Also, some users might watch the video with its original audio track by default and then choose subtitles or captioning in a language that fits them best. And, of course, some people might have a strong preference for watching the video in one language but reading subtitles or captioning in another.

Similar to the design of the language selector, we can allow them to freely choose their preference without any assumptions on our end. Whenever possible, decouple settings for the audio track and subtitles/captions.

Allow Multiple Languages At The Same Time

Most video players allow a selection of a single subtitle language. However, if multiple people are watching a movie together, it might be a good idea to consider allowing users to select multiple languages at the same time. In that case, various languages would need to appear differently and probably be taking over one line at a time.

A screenshot with subtitles in three languages placed in three rows
Multiple subtitles at the same time. Source: prototypr.io. (Large preview)

Of course, it doesn’t make much sense to allow users to select multiple variants of the same language, e.g., English and English with Audio Description. It’s worth stating that the selection of languages might need to be grouped and alphabetized in addition to the most popular languages used on the site. Flags aren’t languages, though, so using a flag to highlight a language is a dangerous path to embark on.

Customization Settings For Subtitles And Captions

Where and how should subtitles and captions be displayed? Surely some websites will have specific branding and specific typography, and these design choices would carry over to subtitles as well. However, some fonts might be more appropriate for people with dyslexia, and sometimes font sizes might need to be enlarged.

A screenshot with YouTube’s subtitles settings
YouTube’s subtitles settings allow users to customize everything from font color to window opacity. (Large preview)

On YouTube, users can select a font used for subtitles and choose between monospaced and proportional serif and sans-serif, casual, cursive, and small-caps. But perhaps, in addition to stylistic details, we could provide a careful selection of fonts to help audiences with different needs. This could include a dyslexic font or a hyper-legible font, for example.

A screenshot with Amazon Prime’s subtitles option with presets for size and a few presets for various high contrast options
Amazon Prime’s subtitles option with presets for size and a few presets for various high contrast options. (Large preview)
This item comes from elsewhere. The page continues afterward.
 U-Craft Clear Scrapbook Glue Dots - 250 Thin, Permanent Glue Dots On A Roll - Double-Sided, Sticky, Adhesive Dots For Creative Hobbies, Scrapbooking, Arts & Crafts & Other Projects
Additionally, we could display presets for various high contrast options for subtitles, and that’s how it’s done on Amazon. This gives users a faster selection, requiring less effort to configure just the right combination of colors and transparency. Still, it would be useful to provide more sophisticated options just in case users need them.

Position of Subtitles

One fine detail that’s always missing in customization settings is the adjustment of the position of subtitles and captions on the screen. Often video streaming companies elaborately adjust the position of subtitles depending on what’s currently displayed in the video. On Netflix, for example, Japanese subtitles sometimes appear on the side to not overlap any text or any important details on the video.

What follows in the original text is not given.